Ela estava em um episódio depressivo há seis ou sete meses, continuava a trabalhar e a cuidar dos filhos. Sofria com insônia, tomava remédios durante o dia e a noite. Emagreceu muito e estava falando com seu psiquiatra que prescreveu alguns antidepressivos. Ele sabia que ela estava em risco e tentou de tudo leva-la para um hospital já que ela morava sozinha com duas crianças pequenas. Com tentativas frustradas conseguiu uma enfermeira para acompanha-la em casa. Foi essa enfermeira que encontrou Plath morta em casa ao chegar para trabalhar. Ela havia tampado a ventilação entre a cozinha e os quartos e seus filhos estavam isolados e protegidos. Na sua lista de afazeres do dia: “ligar para Dr. Horder” seu psiquiatra.

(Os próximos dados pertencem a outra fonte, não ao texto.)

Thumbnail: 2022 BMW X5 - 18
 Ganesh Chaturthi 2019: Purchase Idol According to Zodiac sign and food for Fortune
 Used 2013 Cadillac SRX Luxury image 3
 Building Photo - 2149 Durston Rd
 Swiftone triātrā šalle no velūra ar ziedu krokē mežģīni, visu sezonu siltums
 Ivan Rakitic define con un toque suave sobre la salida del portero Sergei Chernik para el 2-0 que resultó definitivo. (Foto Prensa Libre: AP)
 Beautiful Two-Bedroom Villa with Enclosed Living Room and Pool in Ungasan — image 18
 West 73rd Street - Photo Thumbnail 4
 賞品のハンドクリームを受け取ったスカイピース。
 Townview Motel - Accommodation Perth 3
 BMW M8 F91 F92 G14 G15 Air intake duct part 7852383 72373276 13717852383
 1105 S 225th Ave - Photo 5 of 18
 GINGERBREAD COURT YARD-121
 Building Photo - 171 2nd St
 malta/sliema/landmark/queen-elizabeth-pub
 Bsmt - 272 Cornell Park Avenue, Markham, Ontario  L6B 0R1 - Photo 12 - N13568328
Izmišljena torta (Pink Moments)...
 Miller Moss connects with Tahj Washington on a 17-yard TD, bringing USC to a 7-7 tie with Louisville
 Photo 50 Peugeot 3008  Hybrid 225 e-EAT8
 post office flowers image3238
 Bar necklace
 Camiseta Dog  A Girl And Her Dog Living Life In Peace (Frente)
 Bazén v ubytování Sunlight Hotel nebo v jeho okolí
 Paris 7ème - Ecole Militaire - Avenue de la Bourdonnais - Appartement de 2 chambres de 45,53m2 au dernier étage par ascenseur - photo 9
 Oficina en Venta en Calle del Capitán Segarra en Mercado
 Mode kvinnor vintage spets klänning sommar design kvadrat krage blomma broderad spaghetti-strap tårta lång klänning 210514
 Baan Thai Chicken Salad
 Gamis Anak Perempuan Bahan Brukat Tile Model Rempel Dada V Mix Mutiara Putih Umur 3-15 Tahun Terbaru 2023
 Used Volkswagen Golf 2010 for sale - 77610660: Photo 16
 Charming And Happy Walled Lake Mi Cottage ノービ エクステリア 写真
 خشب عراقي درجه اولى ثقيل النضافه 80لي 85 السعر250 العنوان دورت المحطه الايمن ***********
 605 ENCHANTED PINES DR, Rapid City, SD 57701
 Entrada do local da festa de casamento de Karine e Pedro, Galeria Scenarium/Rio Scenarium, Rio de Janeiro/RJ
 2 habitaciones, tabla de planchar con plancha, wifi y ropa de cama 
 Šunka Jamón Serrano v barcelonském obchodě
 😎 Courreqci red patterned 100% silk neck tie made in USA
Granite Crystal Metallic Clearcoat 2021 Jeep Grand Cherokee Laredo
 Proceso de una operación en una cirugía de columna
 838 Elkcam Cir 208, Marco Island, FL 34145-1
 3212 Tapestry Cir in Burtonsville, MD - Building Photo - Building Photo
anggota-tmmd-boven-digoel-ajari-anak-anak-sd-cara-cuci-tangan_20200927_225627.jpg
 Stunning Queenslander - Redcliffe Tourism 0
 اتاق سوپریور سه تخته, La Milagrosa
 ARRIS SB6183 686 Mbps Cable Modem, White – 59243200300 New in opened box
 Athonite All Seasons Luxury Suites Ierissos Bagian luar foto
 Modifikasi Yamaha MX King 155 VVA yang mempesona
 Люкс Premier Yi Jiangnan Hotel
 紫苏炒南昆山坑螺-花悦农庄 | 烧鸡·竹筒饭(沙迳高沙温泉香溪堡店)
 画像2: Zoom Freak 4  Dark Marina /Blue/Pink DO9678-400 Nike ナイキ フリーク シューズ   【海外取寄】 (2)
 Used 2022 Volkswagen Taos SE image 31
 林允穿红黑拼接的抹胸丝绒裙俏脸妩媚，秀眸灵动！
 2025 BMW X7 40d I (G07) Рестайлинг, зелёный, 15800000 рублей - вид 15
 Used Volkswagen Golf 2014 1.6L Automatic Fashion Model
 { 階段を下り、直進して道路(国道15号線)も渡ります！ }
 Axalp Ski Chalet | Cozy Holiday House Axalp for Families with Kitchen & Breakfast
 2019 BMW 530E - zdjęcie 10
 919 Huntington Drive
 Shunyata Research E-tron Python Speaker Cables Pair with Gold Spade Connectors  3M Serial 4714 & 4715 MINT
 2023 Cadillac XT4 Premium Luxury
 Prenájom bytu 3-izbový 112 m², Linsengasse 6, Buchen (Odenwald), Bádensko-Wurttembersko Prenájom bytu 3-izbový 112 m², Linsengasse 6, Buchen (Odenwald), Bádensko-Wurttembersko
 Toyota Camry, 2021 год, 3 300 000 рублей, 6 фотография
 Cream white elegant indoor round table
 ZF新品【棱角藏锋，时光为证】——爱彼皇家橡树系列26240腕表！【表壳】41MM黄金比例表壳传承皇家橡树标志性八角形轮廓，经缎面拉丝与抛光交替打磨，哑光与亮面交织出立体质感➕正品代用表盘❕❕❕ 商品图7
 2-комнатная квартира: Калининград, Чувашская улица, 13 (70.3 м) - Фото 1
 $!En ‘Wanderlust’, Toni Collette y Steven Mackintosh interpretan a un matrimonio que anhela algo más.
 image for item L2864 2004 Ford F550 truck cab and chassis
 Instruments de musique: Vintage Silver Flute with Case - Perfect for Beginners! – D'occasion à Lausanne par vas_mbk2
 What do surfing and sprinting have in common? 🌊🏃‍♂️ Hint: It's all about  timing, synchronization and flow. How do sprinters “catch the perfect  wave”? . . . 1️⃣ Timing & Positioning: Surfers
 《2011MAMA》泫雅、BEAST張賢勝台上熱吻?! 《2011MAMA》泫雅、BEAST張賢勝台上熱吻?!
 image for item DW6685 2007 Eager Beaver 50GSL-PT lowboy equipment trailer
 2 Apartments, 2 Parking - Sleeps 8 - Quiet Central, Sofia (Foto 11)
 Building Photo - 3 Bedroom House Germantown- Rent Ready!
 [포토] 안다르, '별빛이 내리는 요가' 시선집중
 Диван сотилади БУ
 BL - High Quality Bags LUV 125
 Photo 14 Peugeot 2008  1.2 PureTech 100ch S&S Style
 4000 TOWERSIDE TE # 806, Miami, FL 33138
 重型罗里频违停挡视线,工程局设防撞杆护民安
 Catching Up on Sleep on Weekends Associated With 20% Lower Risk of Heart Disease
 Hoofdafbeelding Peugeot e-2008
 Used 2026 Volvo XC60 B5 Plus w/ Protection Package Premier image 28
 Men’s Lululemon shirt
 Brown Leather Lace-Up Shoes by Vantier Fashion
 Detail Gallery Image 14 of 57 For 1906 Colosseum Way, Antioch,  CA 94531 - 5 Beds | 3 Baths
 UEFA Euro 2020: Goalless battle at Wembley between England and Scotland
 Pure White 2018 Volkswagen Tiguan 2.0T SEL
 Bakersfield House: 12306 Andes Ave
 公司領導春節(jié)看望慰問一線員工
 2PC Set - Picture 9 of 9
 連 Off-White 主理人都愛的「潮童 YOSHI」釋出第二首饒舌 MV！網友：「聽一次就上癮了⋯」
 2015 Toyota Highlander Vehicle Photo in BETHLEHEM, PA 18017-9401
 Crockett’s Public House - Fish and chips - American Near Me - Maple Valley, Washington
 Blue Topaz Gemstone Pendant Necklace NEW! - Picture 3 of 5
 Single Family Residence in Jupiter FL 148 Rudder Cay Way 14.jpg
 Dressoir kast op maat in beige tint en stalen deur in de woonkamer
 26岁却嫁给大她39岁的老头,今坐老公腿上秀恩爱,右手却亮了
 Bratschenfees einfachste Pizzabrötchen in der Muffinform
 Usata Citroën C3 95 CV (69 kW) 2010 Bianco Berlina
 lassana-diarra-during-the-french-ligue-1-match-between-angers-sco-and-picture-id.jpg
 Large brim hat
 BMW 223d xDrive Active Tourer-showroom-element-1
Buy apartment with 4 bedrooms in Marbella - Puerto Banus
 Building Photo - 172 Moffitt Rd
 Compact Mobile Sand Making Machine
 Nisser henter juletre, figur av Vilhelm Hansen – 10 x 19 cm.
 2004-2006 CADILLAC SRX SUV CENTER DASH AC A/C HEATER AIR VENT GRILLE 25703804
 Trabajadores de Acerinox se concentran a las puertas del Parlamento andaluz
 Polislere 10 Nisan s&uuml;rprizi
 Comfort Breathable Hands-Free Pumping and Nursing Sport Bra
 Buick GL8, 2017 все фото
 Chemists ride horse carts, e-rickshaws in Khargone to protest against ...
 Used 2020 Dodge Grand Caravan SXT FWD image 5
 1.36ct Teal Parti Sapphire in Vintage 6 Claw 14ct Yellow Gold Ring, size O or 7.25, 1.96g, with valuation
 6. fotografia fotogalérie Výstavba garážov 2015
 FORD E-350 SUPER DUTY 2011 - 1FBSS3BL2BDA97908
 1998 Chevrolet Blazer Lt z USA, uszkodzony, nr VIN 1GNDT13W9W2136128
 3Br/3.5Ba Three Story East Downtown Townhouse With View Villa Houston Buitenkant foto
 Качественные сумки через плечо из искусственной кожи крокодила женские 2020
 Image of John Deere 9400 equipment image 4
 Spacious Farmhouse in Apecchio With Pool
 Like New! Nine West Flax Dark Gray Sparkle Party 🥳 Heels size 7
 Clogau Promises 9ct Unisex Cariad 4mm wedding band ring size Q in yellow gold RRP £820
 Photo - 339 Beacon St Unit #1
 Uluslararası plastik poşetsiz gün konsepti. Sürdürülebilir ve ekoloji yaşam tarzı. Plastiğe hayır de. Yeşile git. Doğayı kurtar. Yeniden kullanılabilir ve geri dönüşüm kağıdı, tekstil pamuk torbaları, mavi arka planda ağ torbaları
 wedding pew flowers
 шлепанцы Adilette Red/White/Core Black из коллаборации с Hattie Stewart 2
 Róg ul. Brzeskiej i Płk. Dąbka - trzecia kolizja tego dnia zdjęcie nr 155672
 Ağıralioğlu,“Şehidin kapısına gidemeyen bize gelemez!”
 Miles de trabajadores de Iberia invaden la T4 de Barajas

Ted Hughes queimou o último diário de Sylvia que ajudaria a compreender o final. Ele disse que não gostaria que seus filhos lessem aquilo. Também perdeu outro diário e um romance inacabado de Sylvia. Me doi saber que até o fim ele controlou ela.
Ler os diários de Sylvia é doloroso. Muitas vezes eu me identificava como uma jovem de 20-e-tantos-anos. Tem coisas universais, de quem escreve, quem cria, quem sofre de doenças mentais. Aconteceu muito durante a leitura. Mas não deixa de ser um diário que ajuda a compreender a depressão de uma das maiores escritoras que tivemos - levada precocemente, pedindo por ajuda, abandonada pelo marido. Sylvia poderia ter feito muito mais. Estava fazendo e criando muito mais. Só não teve tempo. Os tempos eram outros, as mulheres eram tratadas como histéricas, os fármacos eram diferentes. Fico pensando quando de Sylvia não era também uma bipolaridade mal diagnosticada ou algo do tipo, ou quando ela teria de qualidade de vida hoje em dia. Mas na época não deixa de ser as confissões e mergulho pela mente de uma escritora com uma poesia nos dedos e olhos bonitos sobre o mundo. Uma mulher dominada pelo marido, pelo patriarcado. Que nem sabia direito se queria casar e ser mãe. Mas tinha que fazer isso. Que criava e escrevia por necessidade de sobrevivência. É uma leitura dolorosa muitas vezes, mas me fez compreender muito sobre literatura, sobre a época, sobre Sylvia e sobre mim.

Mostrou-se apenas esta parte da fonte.